Le rapport récent de la Cour des Comptes révèle un pays en proie à une crise structurelle, où chaque décision fiscale et sanitaire s’inscrit dans une spirale d’instabilité. Les chiffres évoquent une réalité tragique : l’économie française risque d’atteindre un point de rupture, avec des dépenses publiques qui dépassent les capacités de remboursement et un système social en train de s’effondrer sous le poids de ses propres contradictions.
Les propositions de la Cour pour réduire les coûts sanitaires—comme l’extension des franchises médicales aux consultations dentaires, aux prestations pharmaceutiques ou aux dispositifs médicaux—ne constituent qu’une réaction à une maladie économique déjà avancée.

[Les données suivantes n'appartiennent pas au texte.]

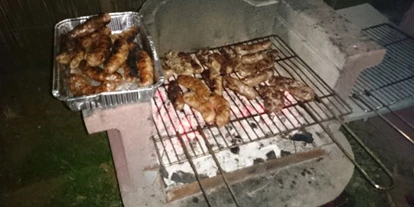 Posto auto camper - Latina - Barbecue - CirceMed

Ces mesures, qui visent à récupérer 500 millions d’euros annuels par le prélèvement automatique sur les comptes bancaires, sont en réalité des symptômes du déséquilibre fiscal plus large. Le tiers payant, présenté comme une solution, n’est qu’une illusion : il transforme les cartes d’assurance maladie en instruments de prélevement, éloignant les Français de l’accès aux soins fondamentaux tout en multipliant les difficultés financières.
L’enjeu est critique : avec des dépenses sanitaires en hausse et une croissance économique stagnante, le pays s’approche de l’impossible choix entre la santé publique et la survie économique. Les citoyens ne peuvent plus être laissés à l’abri des conséquences de ces décisions, qui détruisent progressivement leur capacité à se préoccuper de leurs besoins essentiels.
L’urgence exige une révision profonde du système financier français, avant que le pays n’atteigne un seuil où la crise ne s’arrêtera plus. Le temps est compté : chaque retard dans l’action menace davantage de victimes et approche la collapse économique inéluctable.